> _Directions_: Your output should consist solely of the lines from the one holding "Những Chú Thỏ Của Habibi 23 trang 23" to the end of the records below, inclusive, reproduced exactly and free of pictures.

(Brief descriptive captions)
################
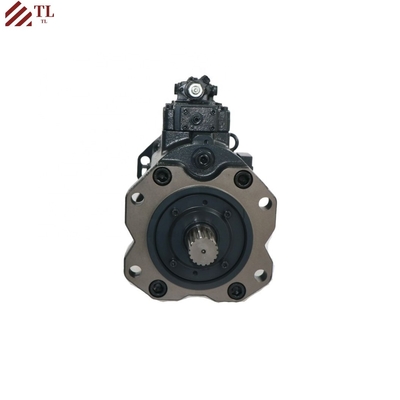 K5V160DTP Hydraulische Hauptpumpe für EC300DB EC290CP 14639133 VOE14568923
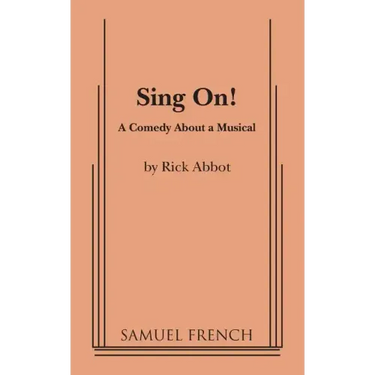 Sing On!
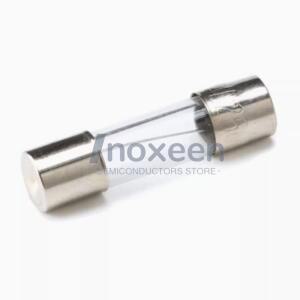 호환 100 개/몫 5x20mm 유리관 퓨즈 250V 0 5 1 2 3 4 5 6 8 10 15 20 25 30 A AMP 퓨즈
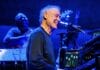 Bruce Hornsby & The Noisemakers Welcome Members of Eggy on “My Resolve” in Virginia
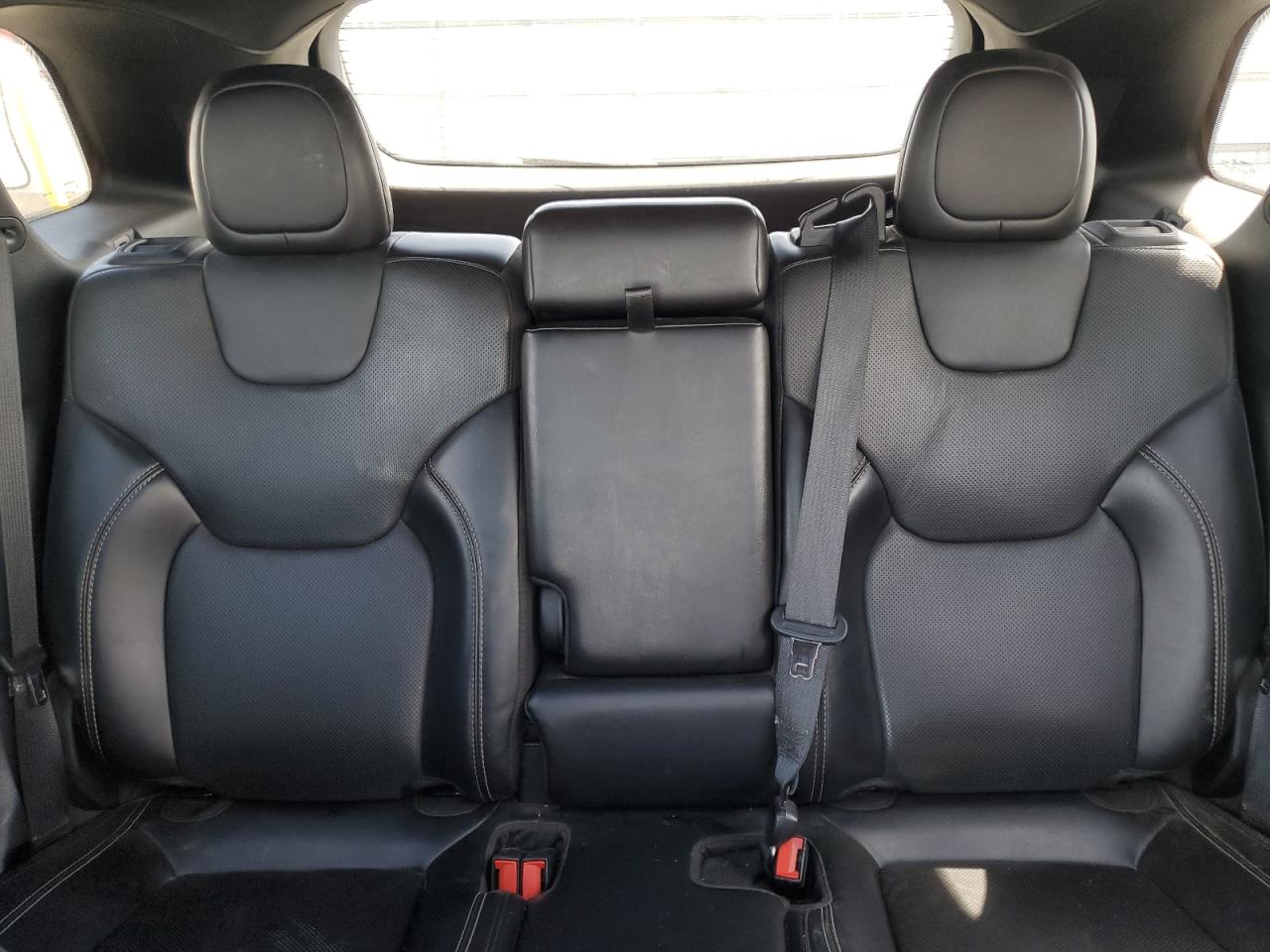 2021 Jeep Cherokee Latitude Lux VIN: 1C4PJMMN9MD106289 Lot: 58584565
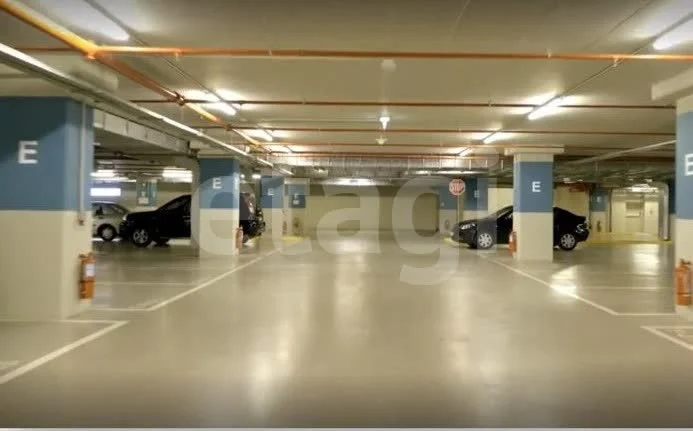 3-к квартира, 96.4м² (Школьная улица, 1ст.5) - миниатюра 6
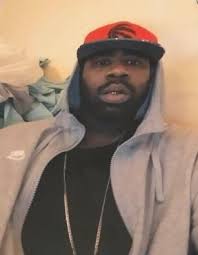 Obituary for Mr. Tyrone Douglas Wilder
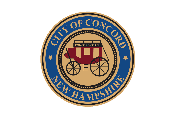 City of Concord Logo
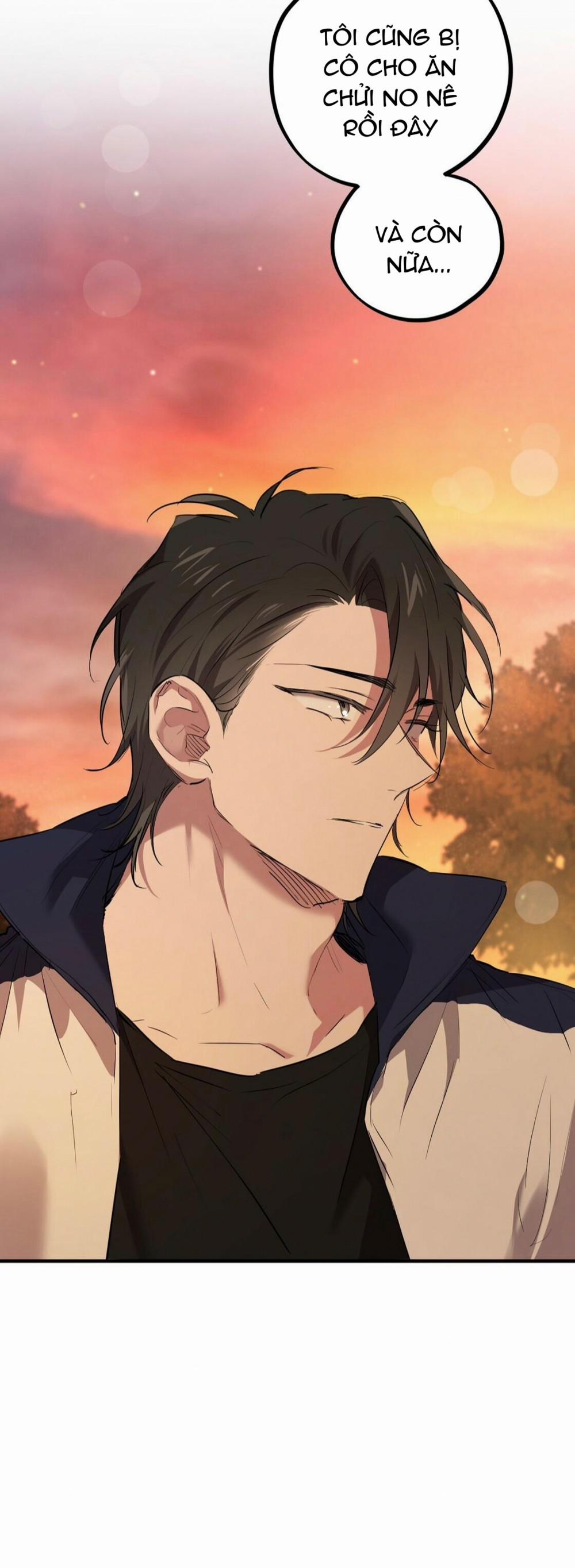 Những Chú Thỏ Của Habibi 23 trang 23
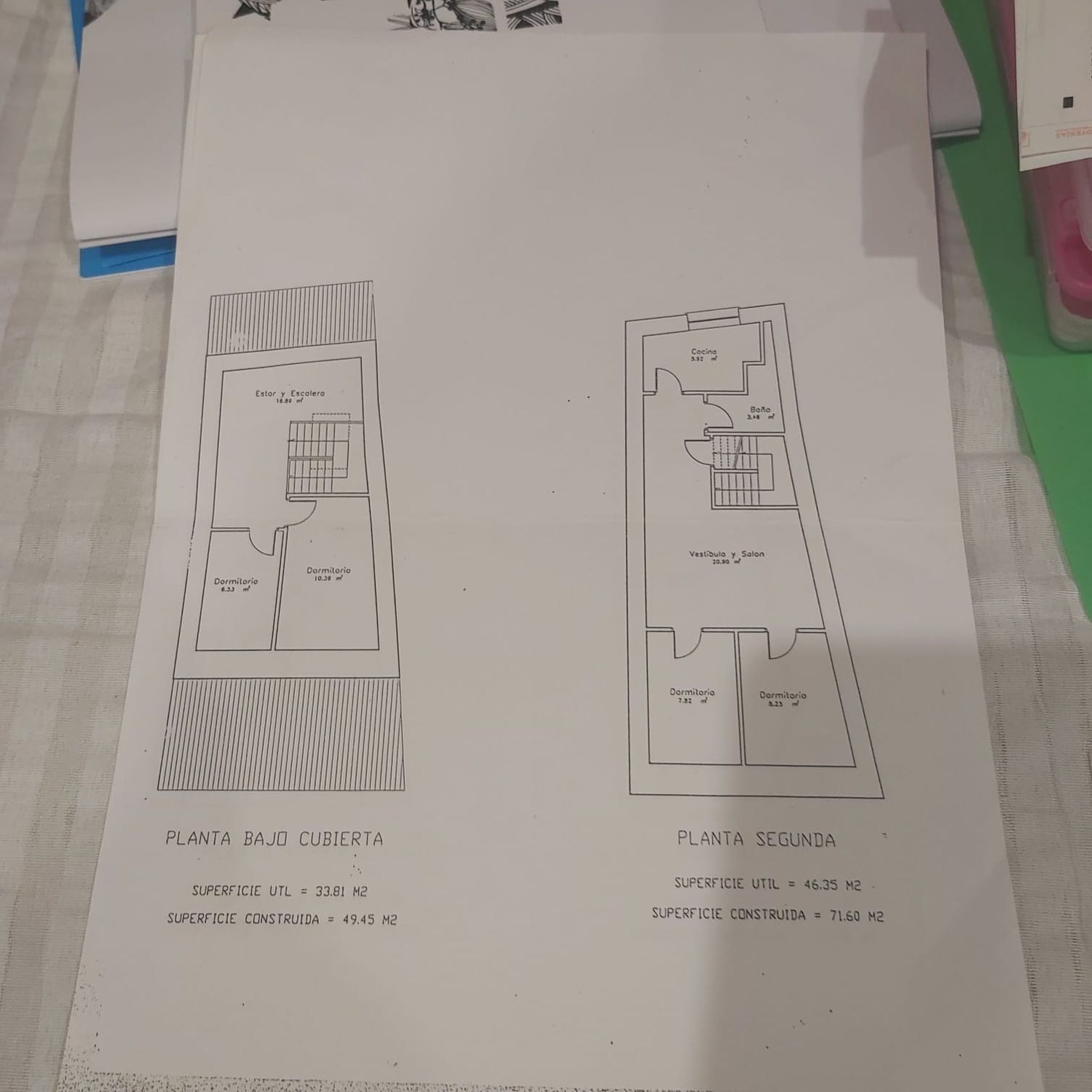 Casas o chalets-Venta-Santiago de Compostela-2418023-Foto-12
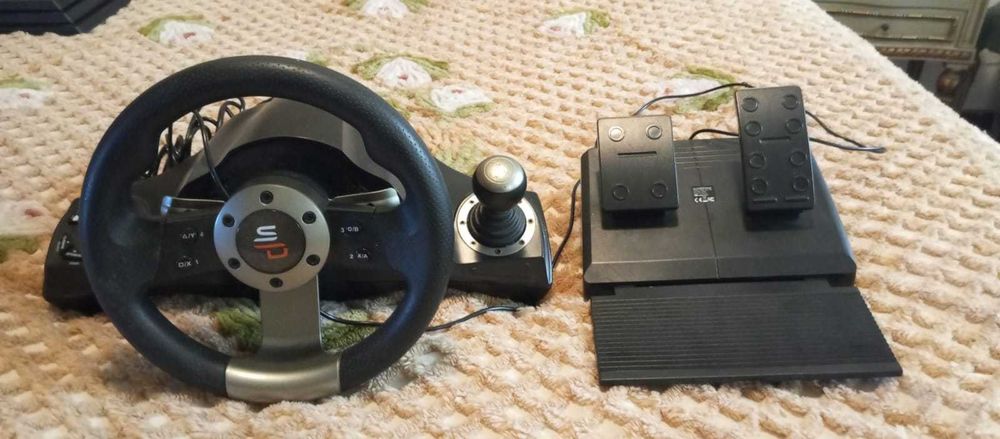 equipamento de condução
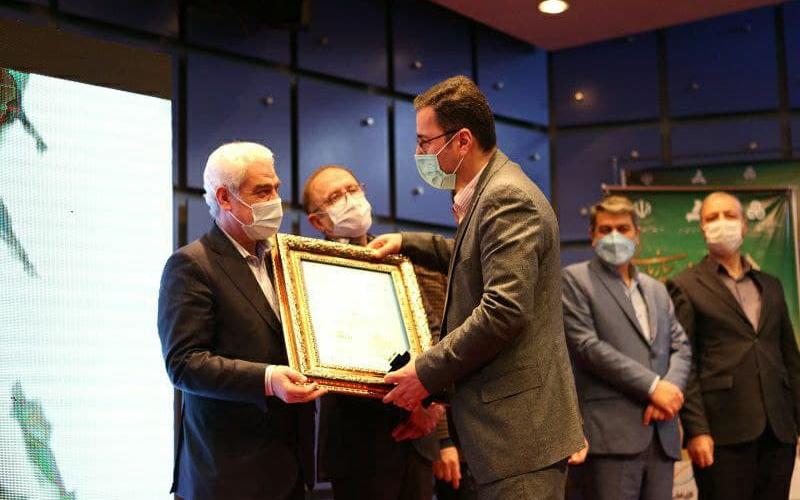 همراه اول برنده سطح تندیس جایزه ملی تعالی سازمانی سال 99 شد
################
> _Task answer_:
 Những Chú Thỏ Của Habibi 23 trang 23
 Casas o chalets-Venta-Santiago de Compostela-2418023-Foto-12
 equipamento de condução
 همراه اول برنده سطح تندیس جایزه ملی تعالی سازمانی سال 99 شد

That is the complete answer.